That’s enough margin of error fun for one post. In part 2 I’ll continue the discussion and address some of the interesting issues around margins of error, random sampling, and related topics, again using these poll results to provide examples.

wildelakemikeWhile this discussion of the mathematical and statistical concepts of polling is interesting, Frank, I believe it is a little bit of “not seeing the forest for the trees.”

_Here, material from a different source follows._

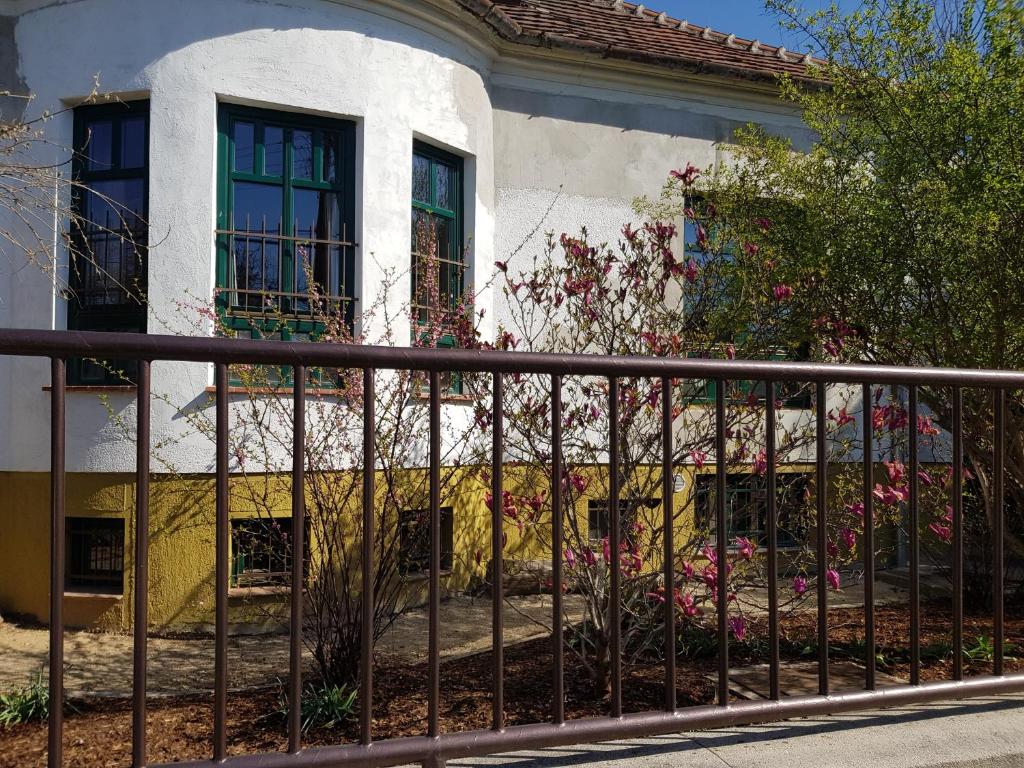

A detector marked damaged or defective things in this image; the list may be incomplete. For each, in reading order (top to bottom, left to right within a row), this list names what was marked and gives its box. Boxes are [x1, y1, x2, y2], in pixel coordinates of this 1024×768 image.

rusty metal railing [2, 328, 1024, 768]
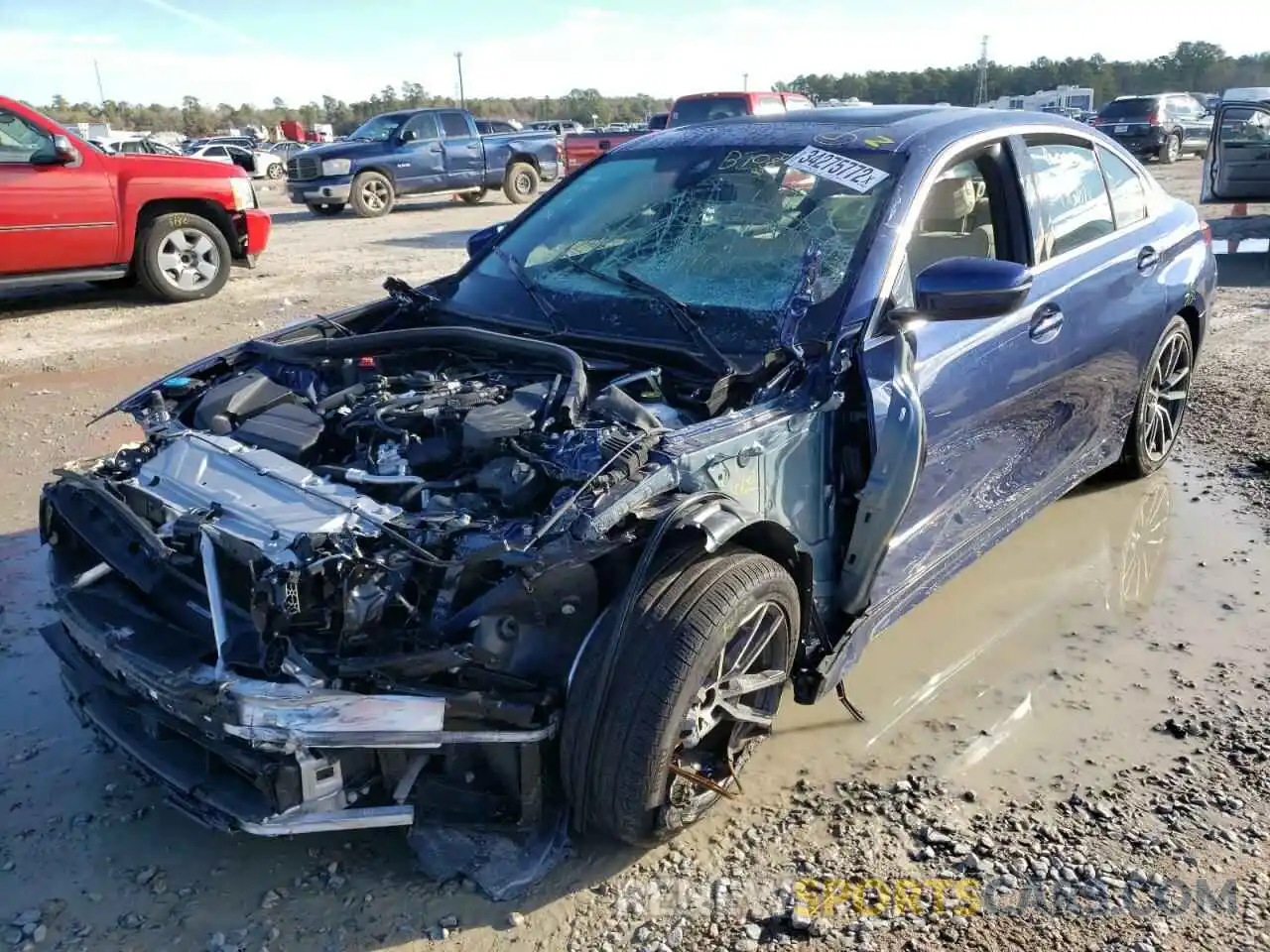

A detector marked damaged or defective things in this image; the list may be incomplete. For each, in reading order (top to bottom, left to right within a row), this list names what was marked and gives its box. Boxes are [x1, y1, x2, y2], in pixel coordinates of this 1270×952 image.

First, polling is as much of an art as it is a science. A good pollster will set the parameters for the sample of voters to be tested based on what the pollster believes will be important in any given election. We may disagree on those parameters, but the pollster will not always use statistical precision in picking those parameters. Sometimes, it’s just a gut feel. In any case, without a proper explanation being provided by the pollster about the polling sample, it is almost impossible to gauge whether a poll has much validity.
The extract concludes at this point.